When you do this, you will find a new depth in your life.

And people will feel that depth through the screen.

3. Speak interesting

Now let’s get to the more practical tactics.

Once you’ve mastered being interesting and doing interesting, all that’s left is speaking in an interesting way.

Unfortunately most people are bad at this.

Studies have shown that most people are more terrified of public speaking (even to a camera) than they are of death.

They’re scared of tripping on their words, saying the wrong thing, making a mistake, and getting criticized for it.

But the reality is that being interesting on camera has almost nothing to do with the words you say.

Only 7% of communication comes from words.

Which means you can completely screw up the words and still be a 93% effective communicator.

So when it comes to being interesting on camera, here’s what actually matters:

→ Nonverbal (55 percent)

Literally 55% of your communication is simply in the way you are, your energy, how you dress, your environment, how you move your hands, etc.

And on camera, the way to master this is simple: just stop being so rigid.

  • Move your body. Lean in when it matters. Lean back when you expand. Use your hands. Shift in your chair. Break the invisible bubble. Hold still when it matters.
  • Change your frame. A little push-in to emphasize a point. A slight rotate of the chair. Pick up an object on your desk as you explain.
  • Avoid repetition. Movement becomes distracting when it loops. Vary your movements, do not resort to nervous ticks.

A simple practice: before you hit record, tell yourself, I am going to move more than feels normal. Then vary the movement. This will break you out of your stiff, awkward default mode and make you far more interesting.

→ Voice (38 percent)

38% of your communication is your voice. Not the words, but the sound of your voice.

Just like you need to move your body to be interesting, you also need to move your voice.

  • Vary your pace. Sometimes fast to move through setup. Sometimes slow to land a point.
  • Vary your volume. Crescendos for energy. Quiet for intimacy.
  • Use real pauses. A pause makes people look back at the screen. It also gives you time to think, so your words are intentional, not frantic.

A simple practice: record a 60 second video where you deliberately alternate fast and slow, loud and soft, with two intentional pauses.

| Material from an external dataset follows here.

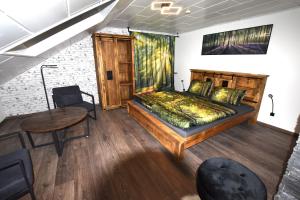 a bedroom with a large bed and a table at Ferienwohnung Odenwaldwellness in Wilhelmsfeld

Watch it back. You will feel the difference.

→ Words (7 percent)

It’s not that words aren’t important. They still matter, just less than you think.

The good news is, this is a skill that can be learned faster than you realize.

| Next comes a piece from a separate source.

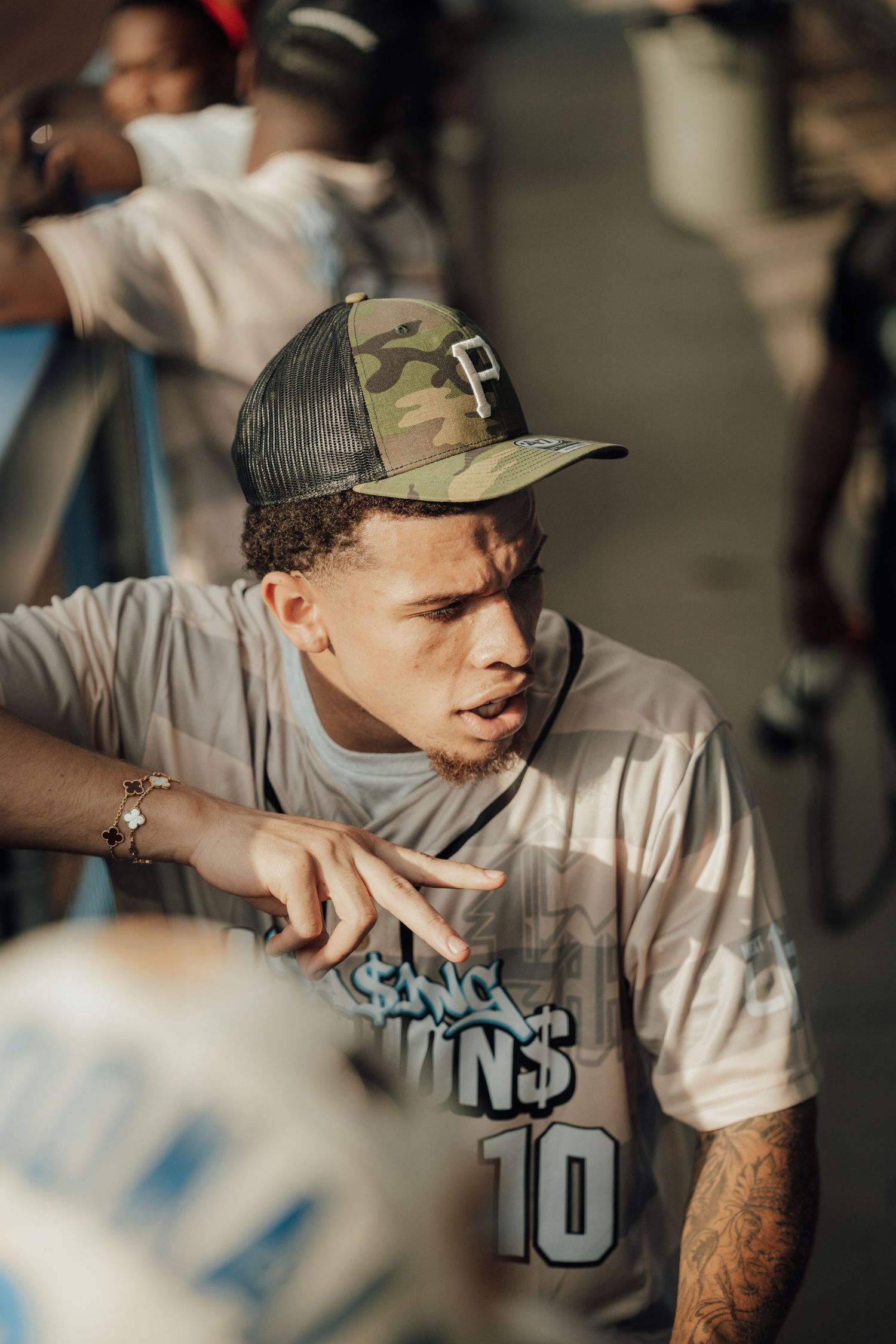 A person in a gray t-shirt and baseball cap shown in a series of candid motion shots.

Good words come from good thinking.

So spend time thinking.

Read and watch books and other content.

Model other people’s hooks and angles, and analyze what they’re doing to retain attention.

Then fill it in with your own ideas, your own frameworks, your own concepts.

Remember, it’s not about repeating someone else’s ideas.

It’s about sharing them in your way. That’s what makes you interesting.

Building connection through pixels

In today’s world we no longer communicate face to face.

Most conversation happens through pixels on a screen, which creates an inherent barrier to true connection.

But the way to break that barrier is by being more interesting. By being more human. By being more you.

  1. Be interesting by being yourself. Lose the mask.
  2. Do interesting by adding texture to your week. Small experiments compound.
  3. Speak interesting by mastering voice and movement. The words are not the point.

Do this, and you will be more interesting on camera (and in real life) than 99 percent of people.

While most people keep chasing performance.

You choose presence.

Because that’s all anyone really wants from you.